Aynı zamanda, kaybetseniz bile bir Wordle oyunu geri dönüş için itici güç haline geliyor. Hayal kırıklığının tatmin edilmesi gereken an bu. Kafesteki bir farenin umutsuzca bir kolu “sadece bir kez daha” vurmak için itmesi gibi, mağlup Wordle oyuncusunun da geri dönmesi gerekir. İkincisi, Wordle eve ödülsüz gitmenize de izin vermiyor. Kaybetseniz bile, cevap ortaya çıkıyor; bu, kazanmak kadar hoş olmasa da, yine de size bir tamamlanma ve tatmin duygusu verir.
Seni Yeneceğim!
Wordle’ın başarısının en azından bir kısmı, şüphesiz ki sosyal medyayla fazlasıyla uyumlu olmasında kaynaklanıyor. Paylaşılması kolay ve sarı-yeşil kutucukların hoş bir görüntüsü var. Dahası, ayırt edici renkli şekil, telefon ekranında yarı odaklı bir kaydırma sırasında bile yeterince göze çarpıyor. İnanılmaz başarınız hakkında övünmek ya da bulması gerçekten zor bir kelime hakkında yüksek sesle yakınmak da eğlenceli.
Sosyal medyada bir şey paylaştığımızda, aldığımız “beğeniler” ya da etkileşim oranıyla ödül yollarımız tekrar etkinleştirilir. Bize uyum sağladığımızı ve bir yere ait olduğumuzu söyler; her ikisi de varlığımız için iyidir ve her ikisi de beyinden hoş, küçük bir hormonal katkı alır. Sinirbilimci Sebastian Ocklenburg konuyu şöyle ifade ediyor: “Araştırmalar, sosyal medyadaki beğenilerin sosyal kabulün sayısal bir temsili olarak görüldüğünü gösterdi.”

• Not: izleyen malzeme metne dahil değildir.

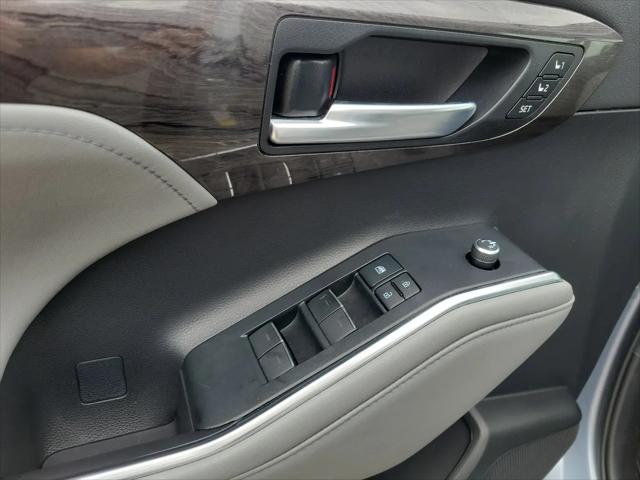 2022 Toyota Highlander Platinum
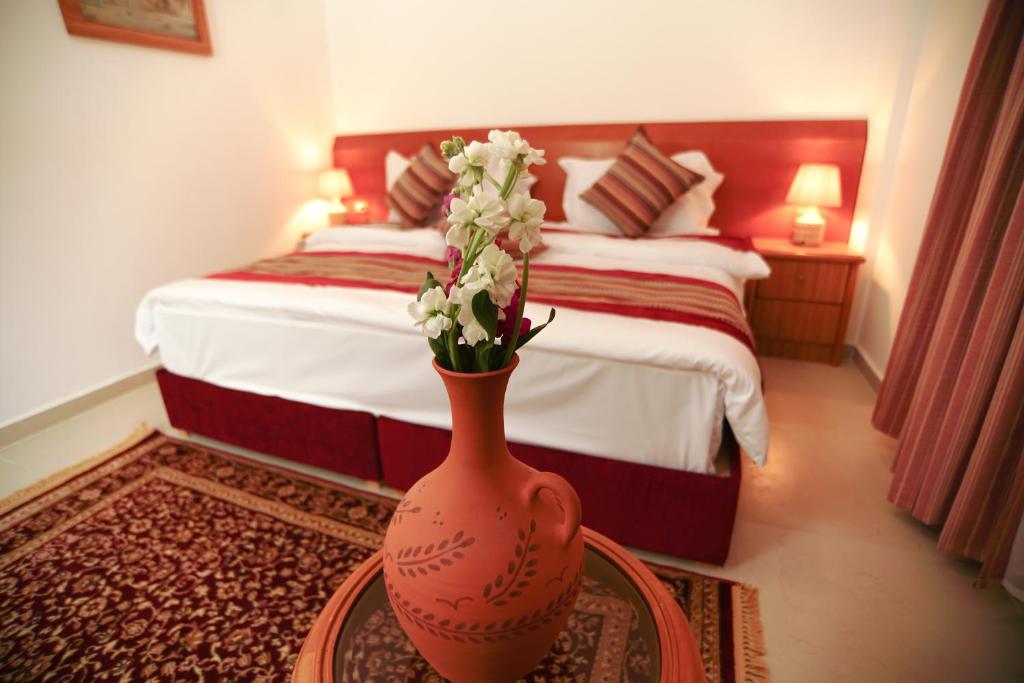 Petra Plaza Hotel photo 3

Ancak Wordle’ın astronomik başarısı tek bir basit cevapla açıklanamaz. Evet, beyni ödüllendiriyor. Evet, zorlayıcı, ancak yapılabilir. Evet, sosyal medyada paylaşmak kolaydır. Ancak, internetin arka odalarında ve bilinmeyen kuytularında bunu yapan ama kaybolan milyonlarca oyun var. Başarı, sosyal medya çağında başarıyı getirir ve arkadaşlarınız bunu ne kadar çok yaparsa ve ne kadar çok insan onun hakkında konuşursa, sizin de o kadar çok yapma olasılığınız vardır. Josh Wardle ve onun Wordle’ı büyük bir akım yaratabildikleri için çok şanslılar. Ve dünya çapındaki çalışanlar muhtemelen bu yüzden üretkenliklerinden bir miktar kaybediyorlar.